Di puncak Lao-san menjulang tinggi
Menjadi raja sunyi di angkasa raya,
Naga-naga awan muncul dari laut di bawah kaki
Terbang melayang
menuju kemari Bersujud di sekelilingku meniupkan angin sejuk,
Kasih, aku menanti kehadiranmu
memberi cahaya dan kehangatan
pada jiwa ragaku
Wahai kasih, aku di sini!”
Agaknya orang ini merasa gembira dengan sajak yang dikarangnya sambil duduk itu. Diulangnya sajak ini, malah kemudian dinyanyikannya dengan suara nyaring. Tangan kanannya memukul-mukulkan tongkat ke batu yang menimbulkan bunyi “tok-tak-tok-tak” berirama, mengiringi suara nyanyiannya. Suaranya yang nyaring bergema di puncak, terbawa angin dan kadang-kadang terdengar bergetar penuh perasaan, terutama di bagian
“……..,. kasih, aku disini ………..”
Kadang-kadang tangan kirinya meraba-raba keatas tanah dimana terdapat dua macam bungkusan, agaknya dia khawatir kalau-kalau angin yang keras akan menerbangkan dua bungkusan pakaian dan obat-obatan itu. Melihat cara ia meraba-raba, mudah diduga bahwa orang ini adalah seorang buta.
Memang sebenarnyalah. Dia seorang buta, masih muda benar, baru dua puluh tahun lebih, takkan lewat dari dua puluh lima tahun umurnya. Sesungguhnya amat tampan wajahnya, kulit mukanya putih bersih dengan dahi lebar, daun telinga panjang, hidung mancung dan mulut yang manis bentuknya. Alisnya yang hitam berbentuk golok melindungi sepasang mata yang selalu dimeramkan, mata yang sudah tidak ada bijinya sehingga kelihatan pelupuknya mencekung, mendatangkan keharuan bagi yang melihatnya. Rambutnya yang hitam digelung keatas dan dibungkus kain kepala hijau.
Pakaiannya sederhana, baju berlengan panjang dan lebar berwarna kuning kemerahan, celana berwarna kuning dan biarpun pakaian ini terbuat dari bahan yang kasar, namun amat bersih.
“Wahai kasih, aku di sini ………..!”
Si buta ini bangkit berdiri dan mengembangkan kedua lengannya, seakan-akan hendak menyambut atau memeluk kedatangan kekasihnya. Namun tidak ada kekasihnya itu, yang ada hanya sinar matahari pagi yang mulai menyembul ke luar dari permukaan Laut Kuning.
“Kasihku ……….. matahariku ……….. dengan kehadiranmu di sampingku ………. aku sanggup bertahan seribu tahun lagi……..”

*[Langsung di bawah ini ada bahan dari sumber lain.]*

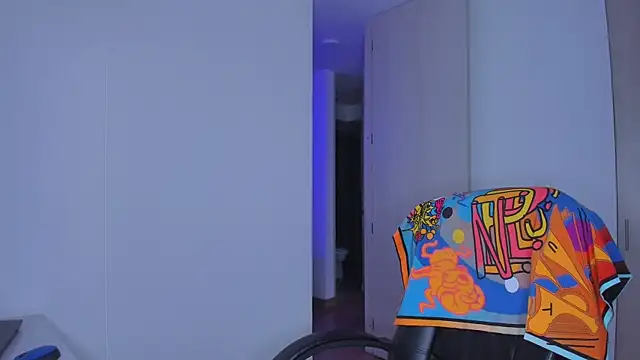 Lisegg  online show from February 12, 12:22 pm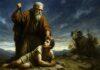 ?Sacrifice and Redemption in the Story of Abraham: Does God Demand Human Sacrifices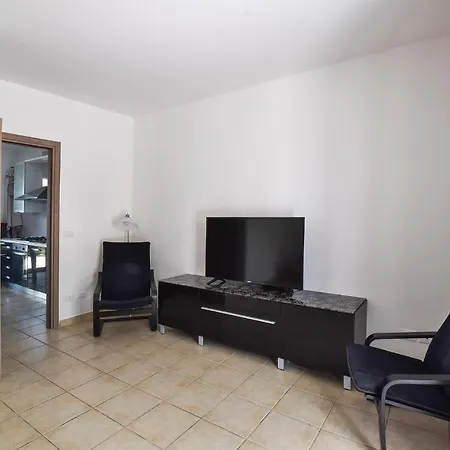 דירה Casa Emilio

Si buta ini tersenyum-senyum dan wajah itu menjadi makin tampan, akan tetapi juga makin mengharukan. Ia benar-benar kelihatan gembira sekali. Setelah “menyambut kekasihnya” yang agaknya sinar matahari itulah, si buta lalu duduk kembali, membuka bungkusan pakaiannya, mengeluarkan sepotong roti kering dan mulailah dia sarapan dengan enaknya.
Agaknya dia tidak tahu bahwa sudah semenjak tadi, kurang lebih seratus meter di sebelah belakangnya, berdiri seorang laki-laki tinggi besar bermuka hitam. Laki-laki ini usianya empat puluhan, berkumis panjang tanpa jenggot, pakaiannya serba hitam dan gerak-geriknya kasar, di pinggangnya tergantung sebatang golok telanjang dan di punggungnya sebuah bungkusan kain kuning. Setelah memperhatikan beberapa lama kepada si buta dan melihat si buta mulai sarapan pagi, laki-laki tinggi besar ini mengomel.
“Sialan! Sekali mendapat mangsa, seorang buta gila!”
Ia terbatuk-batuk beberapa kali. Angin sejuk itu agaknya amat mengganggu pernapasannya. Namun dia tidak menghentikan langkahnya mendekati si buta yang sedang makan. Setelah tiba di belakang si buta dalam jarak satu meter, dia berhenti dan membentak.
”He, buta gila! Apa isi kedua bungkusanmu itu?”
Orang muda buta itu memutar diri, masih duduk dan cepat-cepat menjawab dengan suara ramah.
“Wah, ada teman! Bagus, mari silakan duduk, sahabat. Rotiku masih banyak, mari kita sarapan bersama.”
Tangannya meraba-raba, mengeluarkan sepotong besar roti kering dari bungkusannya dan dengan wajah tersenyum serta pelupuk mata cekung itu bergerak pula, dia mengangsurkan roti itu kepada si muka hitam.
Si muka hitam dengan geram menggerakkan kaki dan roti di tangan si buta itu terlempar jauh, menggelinding dan lenyap ke dalam jurang.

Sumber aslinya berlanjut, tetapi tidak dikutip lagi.